Tomorrow's stars of the screen today

`Tailly High -- New Talents, Young Cinema' will feature the best of what is yet to come in local film

By Yu Sen-lun  /  STAFF REPORTER

Fri, Aug 27, 2004 - Page 17

Who are the rising star actors in Taiwanese movies? Who has the potential to take over the director's seats from prestigious filmmakers such as Hou Hsiao-hsien (侯孝賢) or Edward Yang (楊德昌)? The answers can be found in the films of the three-week film festival,Tailly High -- New Talents, Young Cinema (尋找國片的明日之星), which will take place at SPOT -- Taipei Film House (光點台北), starting today.

A total of 150 films have been selected for the festival. It is the biggest promotion of local cinema yet, by SPOT with the Government Information Office (新聞局, GIO), the government unit in charge of film policies.

Tailly High is, in fact, the name of a mascot created by the GIO to promote Taiwan cinema. It is a doll that wears a karate outfit and has two eyes and a nose that looks like a film camera. Since the beginning of this year, the GIO has used Tailly High as a symbol of its promotional events.

Six directors and eight actors are the highlight of the film festival. It is perhaps the first time Taiwanese actors having been so well promoted at a film festival. In a way it is a good sign, indicating that there aren't just well-known art-house directors in Taiwan, there are also good-looking actors establishing their screen personas and stardom.

Wing Fan (范植偉) is one of the actors who has found international fame in his movies. He is now managed by Wong Kar Wai's (王家衛) Jet Tone Films (澤東電影), getting chances to appear in the movies with Tony Leung (梁朝偉) and Chang Chen (張震). The festival will feature two of his movies, Darkness and Light (黑暗之光) and The Best of Times (美麗時光), both directed by Chang Tso-chi (張作驥). Moviegoers can see Wing playing a rebel, playing the namchacku, and being beaten up by gangsters.

Tony Yang (楊佑寧) and Duncan Chow (周坤達) are two actors who have found fame in the recent hit movie Formula 17 (十七歲的天空). In the movie, Yang is the boy from the country, on a trip to Taipei to find Mr. Right. Chow plays the the playboy and becomes the "bad guy." There will also be screenings of another of Chow's movies, Love Me, If You Can (飛躍情海).

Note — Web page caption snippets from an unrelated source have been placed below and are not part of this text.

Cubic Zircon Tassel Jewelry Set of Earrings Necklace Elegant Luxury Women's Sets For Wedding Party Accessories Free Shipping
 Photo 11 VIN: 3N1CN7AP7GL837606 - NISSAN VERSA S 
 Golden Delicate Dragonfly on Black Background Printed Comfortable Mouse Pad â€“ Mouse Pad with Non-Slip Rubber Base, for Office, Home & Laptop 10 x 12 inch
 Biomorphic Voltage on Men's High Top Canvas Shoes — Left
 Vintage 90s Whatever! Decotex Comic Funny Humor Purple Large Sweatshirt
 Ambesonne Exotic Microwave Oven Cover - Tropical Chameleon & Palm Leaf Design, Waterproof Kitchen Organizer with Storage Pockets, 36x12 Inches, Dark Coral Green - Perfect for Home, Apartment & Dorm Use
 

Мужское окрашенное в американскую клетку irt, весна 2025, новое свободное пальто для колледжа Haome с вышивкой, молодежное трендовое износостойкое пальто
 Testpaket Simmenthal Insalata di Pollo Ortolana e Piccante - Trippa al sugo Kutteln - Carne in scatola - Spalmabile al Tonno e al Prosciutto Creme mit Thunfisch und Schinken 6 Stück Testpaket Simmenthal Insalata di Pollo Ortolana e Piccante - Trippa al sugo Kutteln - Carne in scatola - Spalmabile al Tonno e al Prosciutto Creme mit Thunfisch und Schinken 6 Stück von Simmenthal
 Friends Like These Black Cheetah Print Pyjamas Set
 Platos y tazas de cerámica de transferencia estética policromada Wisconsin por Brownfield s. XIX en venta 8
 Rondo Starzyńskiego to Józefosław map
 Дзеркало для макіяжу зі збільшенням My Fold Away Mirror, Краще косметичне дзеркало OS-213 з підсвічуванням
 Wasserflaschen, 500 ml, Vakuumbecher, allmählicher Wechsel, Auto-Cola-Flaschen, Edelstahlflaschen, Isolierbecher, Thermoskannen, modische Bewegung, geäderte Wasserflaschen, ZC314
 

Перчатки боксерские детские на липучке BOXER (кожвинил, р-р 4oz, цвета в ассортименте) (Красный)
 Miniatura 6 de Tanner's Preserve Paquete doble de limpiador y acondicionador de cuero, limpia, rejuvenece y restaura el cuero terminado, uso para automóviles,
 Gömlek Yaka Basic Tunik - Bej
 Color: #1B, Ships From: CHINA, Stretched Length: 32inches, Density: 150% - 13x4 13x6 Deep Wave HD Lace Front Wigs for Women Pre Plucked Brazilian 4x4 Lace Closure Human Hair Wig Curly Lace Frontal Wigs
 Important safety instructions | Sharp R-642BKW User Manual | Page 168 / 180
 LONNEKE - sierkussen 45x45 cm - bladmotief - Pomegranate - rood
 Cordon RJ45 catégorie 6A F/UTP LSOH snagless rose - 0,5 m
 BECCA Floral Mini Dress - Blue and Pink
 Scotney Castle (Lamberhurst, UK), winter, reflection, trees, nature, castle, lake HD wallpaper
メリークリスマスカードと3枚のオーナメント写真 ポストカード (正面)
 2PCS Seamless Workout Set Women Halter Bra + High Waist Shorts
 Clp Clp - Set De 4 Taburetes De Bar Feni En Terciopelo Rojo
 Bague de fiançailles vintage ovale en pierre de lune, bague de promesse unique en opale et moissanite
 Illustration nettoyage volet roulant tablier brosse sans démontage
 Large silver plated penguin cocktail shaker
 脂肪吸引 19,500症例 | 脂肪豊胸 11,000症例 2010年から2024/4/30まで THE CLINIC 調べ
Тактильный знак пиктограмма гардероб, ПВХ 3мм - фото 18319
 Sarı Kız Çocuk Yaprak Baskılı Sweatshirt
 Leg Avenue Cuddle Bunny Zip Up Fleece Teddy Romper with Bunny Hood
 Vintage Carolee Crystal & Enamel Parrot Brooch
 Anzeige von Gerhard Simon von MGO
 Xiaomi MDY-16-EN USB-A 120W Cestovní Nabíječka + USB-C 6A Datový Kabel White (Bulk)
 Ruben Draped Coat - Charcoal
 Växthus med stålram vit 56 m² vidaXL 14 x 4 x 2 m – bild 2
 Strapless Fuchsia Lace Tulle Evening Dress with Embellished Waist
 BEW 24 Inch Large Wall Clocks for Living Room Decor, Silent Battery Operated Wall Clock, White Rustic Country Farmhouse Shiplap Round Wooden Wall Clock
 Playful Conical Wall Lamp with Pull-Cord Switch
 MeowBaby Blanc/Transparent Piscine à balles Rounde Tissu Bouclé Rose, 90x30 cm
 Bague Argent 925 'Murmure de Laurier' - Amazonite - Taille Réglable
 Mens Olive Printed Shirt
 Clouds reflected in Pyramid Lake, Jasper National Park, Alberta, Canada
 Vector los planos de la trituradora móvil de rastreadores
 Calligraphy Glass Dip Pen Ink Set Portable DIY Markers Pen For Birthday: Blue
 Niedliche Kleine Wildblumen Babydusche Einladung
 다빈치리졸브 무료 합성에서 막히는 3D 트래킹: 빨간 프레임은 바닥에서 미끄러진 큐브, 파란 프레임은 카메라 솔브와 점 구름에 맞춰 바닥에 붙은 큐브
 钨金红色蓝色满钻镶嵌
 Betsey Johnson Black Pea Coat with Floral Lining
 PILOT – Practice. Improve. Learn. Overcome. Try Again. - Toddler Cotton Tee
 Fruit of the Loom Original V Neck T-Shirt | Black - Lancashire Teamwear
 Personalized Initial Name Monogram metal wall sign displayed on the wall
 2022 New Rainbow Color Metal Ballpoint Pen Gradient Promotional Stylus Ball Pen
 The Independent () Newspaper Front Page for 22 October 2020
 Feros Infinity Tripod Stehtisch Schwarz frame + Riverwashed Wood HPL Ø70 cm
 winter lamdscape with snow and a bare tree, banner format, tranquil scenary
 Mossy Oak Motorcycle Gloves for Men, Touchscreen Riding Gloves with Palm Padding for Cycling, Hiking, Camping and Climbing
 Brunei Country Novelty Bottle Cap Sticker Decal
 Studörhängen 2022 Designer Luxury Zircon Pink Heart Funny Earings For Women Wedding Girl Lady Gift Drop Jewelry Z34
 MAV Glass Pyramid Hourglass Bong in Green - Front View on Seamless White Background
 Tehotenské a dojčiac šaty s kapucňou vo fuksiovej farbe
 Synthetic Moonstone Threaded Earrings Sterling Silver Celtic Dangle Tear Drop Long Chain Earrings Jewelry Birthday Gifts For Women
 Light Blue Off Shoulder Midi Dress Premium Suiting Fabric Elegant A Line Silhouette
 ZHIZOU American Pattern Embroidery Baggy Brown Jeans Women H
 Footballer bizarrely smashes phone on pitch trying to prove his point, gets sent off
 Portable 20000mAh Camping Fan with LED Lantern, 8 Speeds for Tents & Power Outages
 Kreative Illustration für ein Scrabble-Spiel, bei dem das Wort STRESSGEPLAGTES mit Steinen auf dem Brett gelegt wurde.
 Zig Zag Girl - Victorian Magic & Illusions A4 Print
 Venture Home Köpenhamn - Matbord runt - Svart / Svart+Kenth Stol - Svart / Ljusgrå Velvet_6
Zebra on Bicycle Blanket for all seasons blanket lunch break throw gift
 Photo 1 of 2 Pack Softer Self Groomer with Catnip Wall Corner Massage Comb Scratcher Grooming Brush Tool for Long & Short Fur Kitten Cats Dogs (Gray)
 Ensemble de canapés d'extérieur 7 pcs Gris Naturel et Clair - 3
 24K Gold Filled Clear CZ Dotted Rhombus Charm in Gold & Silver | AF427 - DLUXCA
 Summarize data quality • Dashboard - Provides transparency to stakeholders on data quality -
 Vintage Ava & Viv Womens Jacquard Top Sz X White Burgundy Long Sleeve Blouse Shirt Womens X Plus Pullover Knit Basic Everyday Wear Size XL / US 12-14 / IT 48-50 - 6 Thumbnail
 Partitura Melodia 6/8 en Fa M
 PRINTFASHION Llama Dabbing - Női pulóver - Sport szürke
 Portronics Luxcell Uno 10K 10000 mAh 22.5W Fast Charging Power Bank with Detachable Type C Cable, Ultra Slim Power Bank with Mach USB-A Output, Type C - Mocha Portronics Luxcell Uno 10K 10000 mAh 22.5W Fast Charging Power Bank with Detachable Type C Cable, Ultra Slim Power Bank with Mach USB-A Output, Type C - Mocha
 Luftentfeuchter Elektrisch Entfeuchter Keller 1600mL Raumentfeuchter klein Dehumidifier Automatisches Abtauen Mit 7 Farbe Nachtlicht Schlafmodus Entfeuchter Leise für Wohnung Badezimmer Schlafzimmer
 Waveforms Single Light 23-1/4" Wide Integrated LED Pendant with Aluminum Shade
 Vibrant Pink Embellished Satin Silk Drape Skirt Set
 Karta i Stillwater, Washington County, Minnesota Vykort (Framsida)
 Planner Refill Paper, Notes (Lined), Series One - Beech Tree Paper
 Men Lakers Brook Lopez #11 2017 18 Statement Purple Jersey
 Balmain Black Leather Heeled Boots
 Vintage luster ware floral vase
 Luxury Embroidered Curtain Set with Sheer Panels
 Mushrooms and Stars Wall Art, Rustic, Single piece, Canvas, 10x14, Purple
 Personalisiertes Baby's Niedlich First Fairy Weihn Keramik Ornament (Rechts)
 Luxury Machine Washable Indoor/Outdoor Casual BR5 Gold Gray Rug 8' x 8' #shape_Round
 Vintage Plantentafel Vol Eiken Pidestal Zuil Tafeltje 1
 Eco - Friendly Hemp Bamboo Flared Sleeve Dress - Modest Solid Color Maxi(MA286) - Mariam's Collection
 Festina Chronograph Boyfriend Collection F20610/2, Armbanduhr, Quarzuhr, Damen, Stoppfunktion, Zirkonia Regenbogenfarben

Ariel Lin (林依晨), a celebrity and young actress who appears in many TV dramas and commercials, was nominated for the movie in the Best Actress category at the Golden Horse Awards lst year.

Another actress frequently chased by paparazzi is Terri Kwan (關穎), who allegedly is going out with Taiwan's No.1 male model Huang Chih-wei (黃志瑋). Kwan won a Golden Horse nomination for the movie Turn Left, Turn Right (向左走向右走) with her smooth, comic

performance. This film festival will screen her first movie, Drop Me A Cat (給我一隻貓).

In the New Directors in Focus section, young filmmaker Leste Chen (陳正道) is the one to watch. His Uninhibited (狂放) is the opening film of the festival and is in the recently announced line-up for the Venice Film Festival. The film has been selected for the Young Directors Competition.

Chen has a strong visual style, which can been attributed to the influence of TV commercials and music videos. But his storytelling is much more mature and fluid than most filmmakers of his generation.

Uninhibited is a story of three youngsters confronting phenomena such as young prostitution, abortion, drug and street culture, teacher-student relationships and homosexuality. The film treads a fine balance between capturing the vivid images and thinking with a cool mind about the problems young people face while growing up.

Apart from local Taiwanese films, there is a section called Asian Young Power, featuring nine feature-length films from China, Hong Kong, Malaysia, Iran and Sri Lanka.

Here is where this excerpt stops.